The pre-conceived notions behind traditional Japanese theatre are scattered at best, ranging from the ambiguously erotic to the potentially hazardous. The truth is, Japanese theatre is so extensive in its styles and genres that it actually gives New York's Broadway a run for its money.
Perhaps the most commonly recognized form of Japanese theatre is the art of Kabuki. In the early 17th century, a group of women from Kyoto would display erotic dances in public, to which they immediately received a captive audience. The government, none too pleased with these public acts of indecency, banned the female performers and replaced them with men. This Shakespearean decision warranted the need for beautiful, ornate costumes, sets, and theatrical effects, which were typically complimented with a traditional revolving stage. These same effects are still ubiquitous among the Kabuki community today, not to mention the inclusion of a runway that extends through the crowd so that the audience becomes a part of the performance. The passionate if not comical performances remain popular as well, and while it may not be as intellectual as other types of Japanese theatre, it certainly generates great amusement and excitement among local and visiting audiences alike.
If Kabuki were to be considered the exaggerated, bombastic drama style of Japanese theatre, then Noh theatre would undoubtedly be on the opposite side of the spectrum. As the oldest form of theatre, Noh implements a chorus to chant the script, complemented by a minimal orchestra containing a drummer and a flautist. To lighten up the audience, Kyogen, or short comedies, are performed during intermissions. Kyogen are basically the Japanese form of observational humor and are used to relate to the audience regarding the oftentimes humorous trials and tribulations of everyday life. Visit the Nagoya Noh Theatre and the Tokyo National Noh Theatre for a glimpse at this highly unique form of art.
Yet another type of theatre specific to the Japanese culture is Bunraku, or traditional puppetry.

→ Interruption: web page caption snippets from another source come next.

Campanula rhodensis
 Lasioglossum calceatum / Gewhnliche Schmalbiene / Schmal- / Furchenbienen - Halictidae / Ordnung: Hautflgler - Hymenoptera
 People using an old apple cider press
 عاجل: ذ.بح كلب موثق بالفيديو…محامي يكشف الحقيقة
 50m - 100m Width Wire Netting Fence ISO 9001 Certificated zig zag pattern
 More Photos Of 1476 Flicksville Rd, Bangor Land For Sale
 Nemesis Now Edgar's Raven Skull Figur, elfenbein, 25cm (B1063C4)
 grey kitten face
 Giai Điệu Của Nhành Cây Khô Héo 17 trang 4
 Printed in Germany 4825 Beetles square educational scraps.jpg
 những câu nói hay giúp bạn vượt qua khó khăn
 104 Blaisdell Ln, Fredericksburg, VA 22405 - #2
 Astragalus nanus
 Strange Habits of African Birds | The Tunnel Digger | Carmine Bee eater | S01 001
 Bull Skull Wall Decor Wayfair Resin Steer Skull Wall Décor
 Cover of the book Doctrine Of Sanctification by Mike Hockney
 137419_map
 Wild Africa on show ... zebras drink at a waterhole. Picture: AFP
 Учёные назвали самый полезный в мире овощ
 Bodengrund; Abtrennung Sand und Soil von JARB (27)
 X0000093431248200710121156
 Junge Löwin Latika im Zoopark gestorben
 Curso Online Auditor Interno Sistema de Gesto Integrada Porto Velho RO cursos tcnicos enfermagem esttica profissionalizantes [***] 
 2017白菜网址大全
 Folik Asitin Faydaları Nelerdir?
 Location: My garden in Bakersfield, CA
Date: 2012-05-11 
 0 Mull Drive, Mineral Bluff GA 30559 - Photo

While puppets are typically reserved for children in western cultures, Bunraku features many themes directed towards adults. Employing themes similar to those featured in Kabuki, three puppeteers dressed in black will manipulate the face, arms, and legs of one puppet, often disguising themselves so well that the audience forgets they are actually there. To experience this highly entertaining form of Japanese theatre, visit the National Bunraku Theatre in Osaka, Tokyo's National Theatre of Japan, and learn about each form of entertainment at Gion Corner in Kyoto.